For many of the countries in sub-Saharan Africa, the achievement of independence triggered an explosion of rural migration to urban areas. The attendant problems of rapid urbanisation and lack of rural development remain the dominant forces shaping settlements patterns in the Region. Responses to these problems have more recently focused on people-oriented approaches: self-help housing and shantytown upgrading in the cities or village cooperatives in the rural areas. Although each country may be in a different situation and have different policies, the wealth of experience accumulated was thought to be worth sharing.

In 1980, a small group of people working on settlement issues in Southern Africa began planning a Workshop to bring together some of their colleagues in the region.
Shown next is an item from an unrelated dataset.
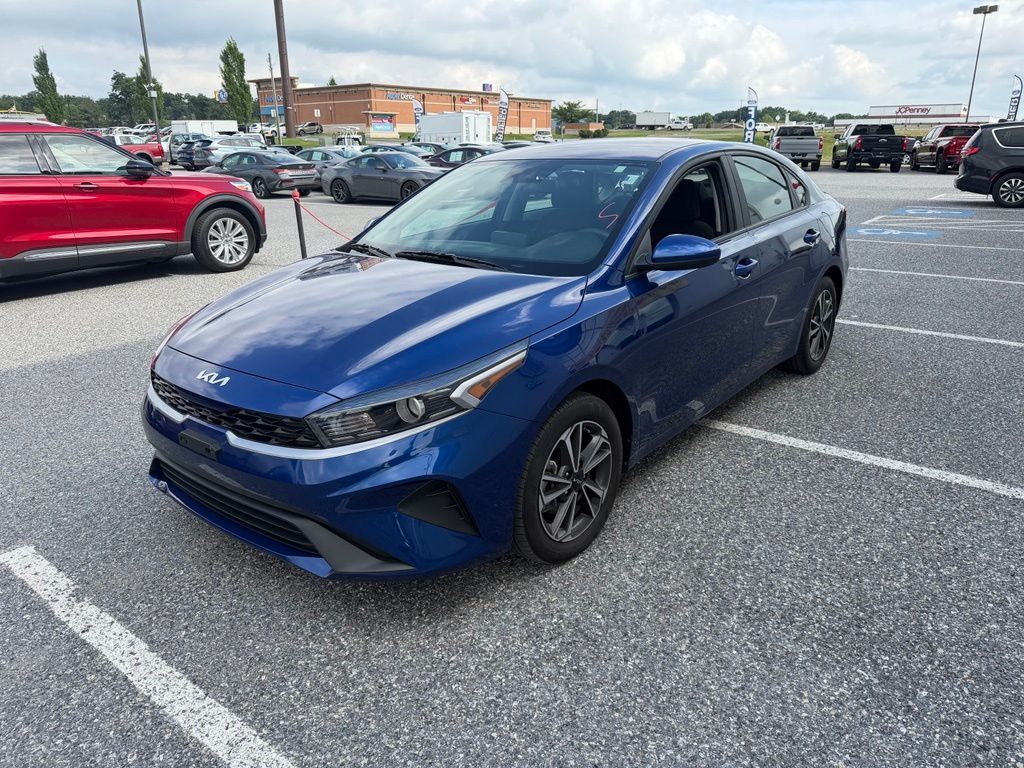 Certified 2023 Kia Forte LXS Sedan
Their idea was to compare notes and to benefit from each other's experience in training human settlements workers. With initial assistance and encouragement from a Canadian NGO, CUSO (Canadian University Service Overseas), a lengthy process of correspondence and fundraising was initiated. The resulting Workshop which was held in Lusaka from 28 September to 4 October 1981 is reported in this publication.

The Workshop considered the training of "front-line" workers in the belief that training people who can help communities to help themselves leads to the most sensitive and worthwhile results. What distinguished the participants from those at so many other international gatherings was their level of operation and practicality. The meeting was an informal sharing of experience between people who, for example, train builders, run trade schools, teach school leavers, and train, assist or mobilise the residents of low-income areas. They came from Angola, Botswana, Kenya, Lesotho, Mozambique, Sudan, Tanzania, Zambia and Zimbabwe. Observers from the UN Commission for Namibia also participated. Some of the participants came from NGO's while others were from central or local government agencies in the various countries. The list of participants and their organisations is given at the back of this booklet.